# Oculus Rift: The TRUE NEXT-GEN Console??



## Akira (Dec 20, 2013)

I am sure many of u already know of this Virtual reality system by now, but if you don't-you're missing out on something awesometacular. Well,  here's an introduction.

Seriously, it amazed the hell out of me when I first saw it. It's still in beta stages, but Youtube already has many videos of people trying different games on it. 




This is true immersion. Better visuals, audio like it's actually going on around you. Hell, the Horror genre may finally be piss-your-pants scary again.



They are turning down the latency of the screens to decrease onset of motion sickness.
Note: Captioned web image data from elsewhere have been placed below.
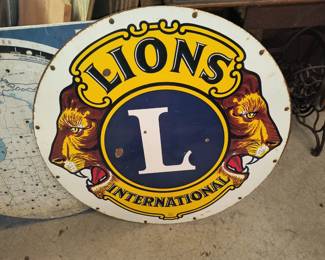 Porcelain single-sided Lions club sign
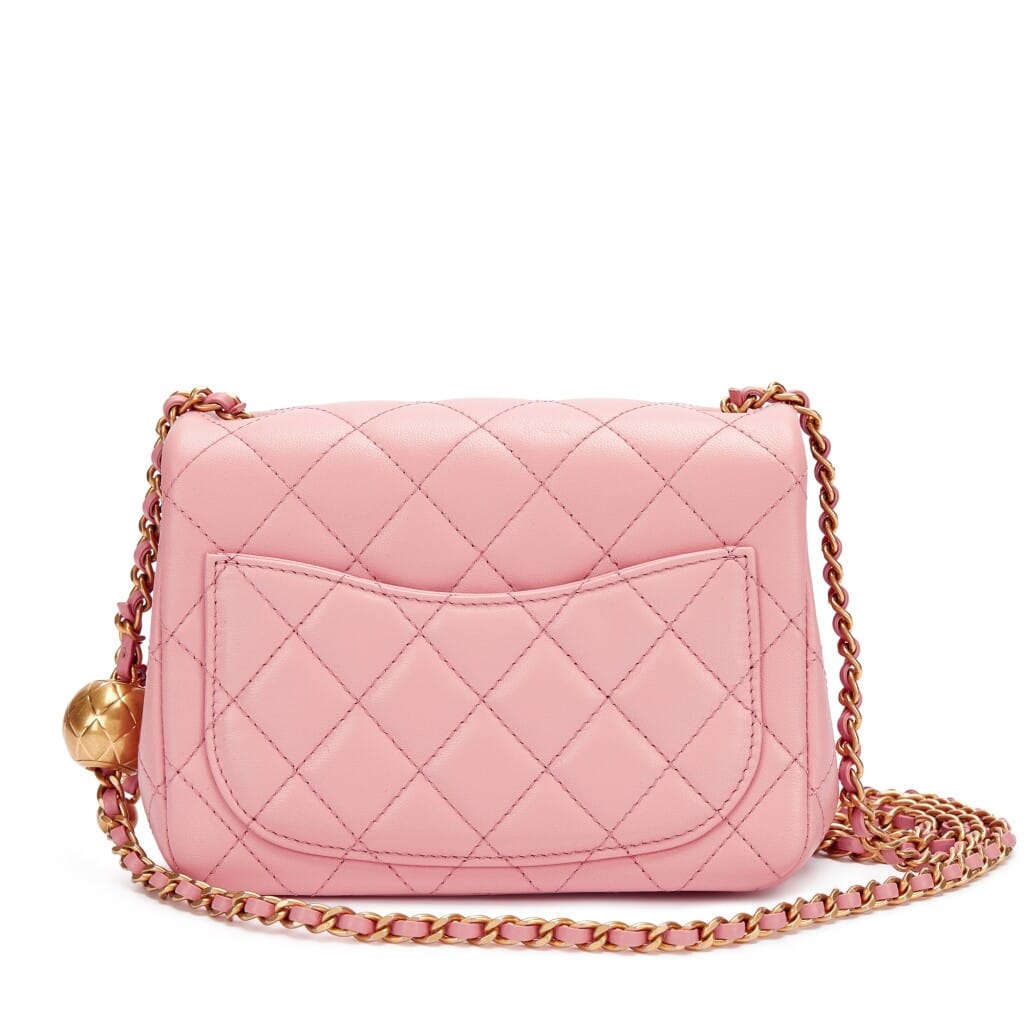 Pink Quilted Calfskin Mini Rectangular Pearl Crush Flap Bag Brushed Gold Hardware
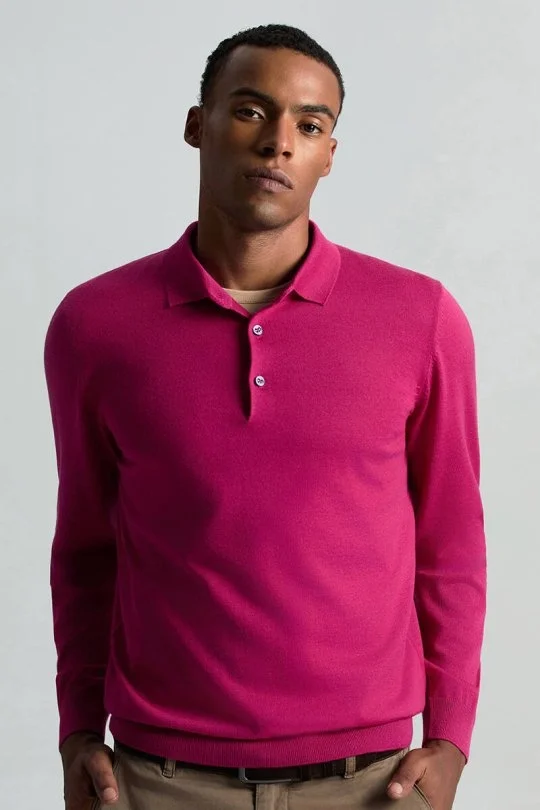 Hemington - Merino Yünü Polo Yaka Fuşya Triko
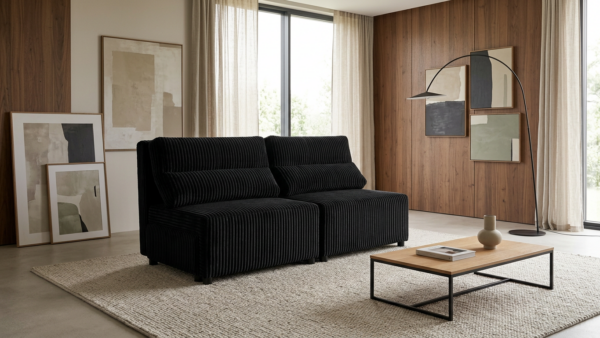 Kanapa 2 os sofa rozkładana spania czarna gruby sztruks KIMO Family Meble — komfort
Oculus on the Future of Rift and Virtual Reality Beyond Gaming - IGN

I also saw a video of Mirror's Edge on OR. Now that was BLOODY AWESOME. And scary.


----------



## snap (Mar 20, 2014)

Oculus Rift development kit 2 goes on sale fo - Video Game News, Videos and File Downloads for PC and Console Games at Shacknews.com


----------



## snap (Mar 26, 2014)

Facebook acquiring Oculus :\


----------



## simon7234 (Mar 26, 2014)

This is really a cool Idea. but this is what I have seen in kinect as well. moreover I have seen a news where a university students created a similar thing two years before.


----------



## Nerevarine (Mar 26, 2014)

snap said:


> Facebook acquiring Oculus :\



Because playing farmville in 2D is too mainstream


----------



## snap (Mar 29, 2014)

Oculus VR hires Michael Abrash away from Valve as its new chief scientist | The Verge


----------



## snap (Mar 31, 2014)

Oculus Says They Didn’t Expect Such Negative Reactions to Selling to Facebook | The Surge


----------